Thursday, July 31, 2008

A Peek into Ellis Island

Last week Sarah and I paid a visit to the Minnesota Historical Society to check out their exhibit of photographs from Ellis Island. Augustus Frederick Sherman was a humble clerk, but when new arrivals were detained for further questioning, he often made photographs of them. The results are a stunning cross section of people who came to this country in search of a better life.

I was taken with the details of their clothing, at a time when every garment was made by hand by someone you knew. Silver bullets sewn into the costumes of the Cossack soldiers, their heads adorned with wooly caps. Protestant Finnish women in elaborate wimples seeking religious freedom away from their Catholic homeland. A gentleman decked out in lederhosen complete with woolen socks, a jaunty hat and beautifully embroidered vest.

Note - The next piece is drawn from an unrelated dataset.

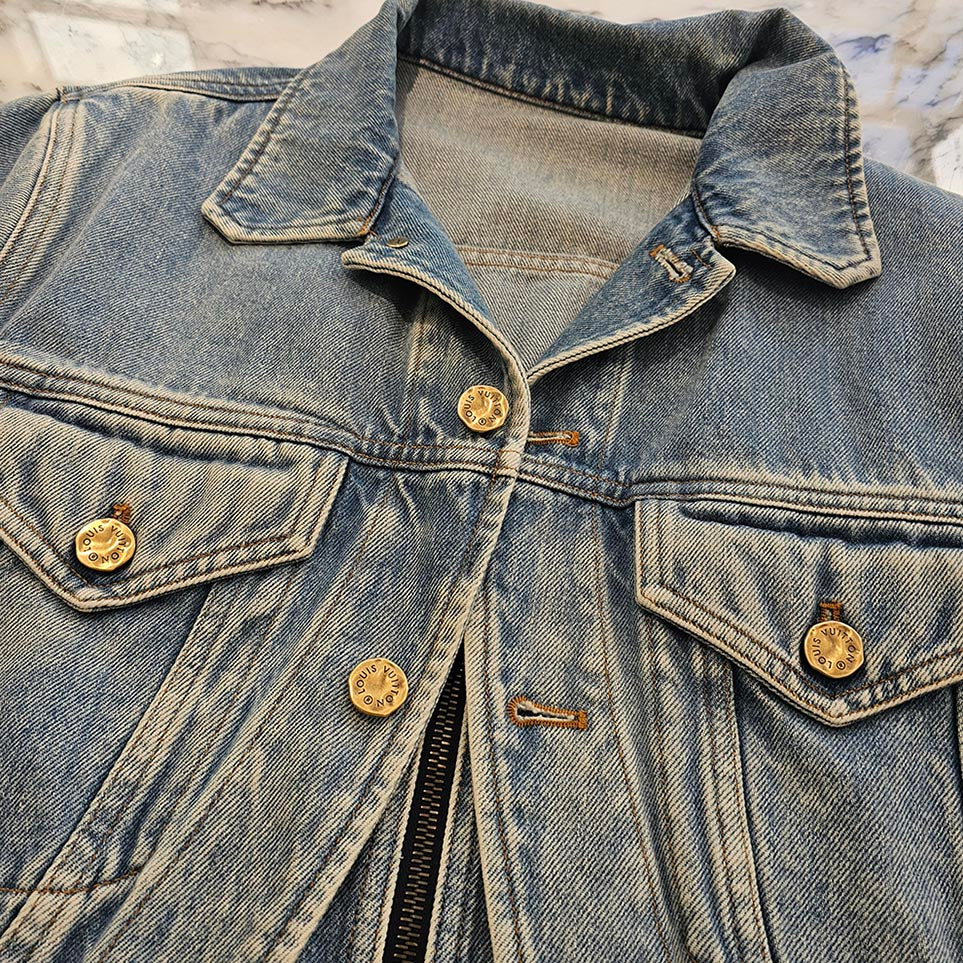 LOUIS VUITTON 2019SS Double Front Virgil Abloh Denim Jacket HGA73WLVP Size 44 ルイヴィトン ダブルフロント ヴァージル アブローデニムジャケット サイズ44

The exhibit was small and very little is known about most of those pictured. That lent an air of intrigue and possibility. I found myself wondering what these people were thinking on the day they arrived here- exhausted from an agonizing sea voyage that probably took months.

For many, the stop at Ellis Island marked only a halfway point in the journey as they carried farther west. (This certainly makes me re-consider my moaning and groaning about flying coach!) Since those in these portraits were detained for further questioning, anxiety and worry are apparent.

I was also struck by the individuality of each portrait. Each person brought a unique experience with which to forge a new identity for themselves in a strange land. Our is truly a nation of disparate people drawn together by freedom. I think we can all use reminders of that.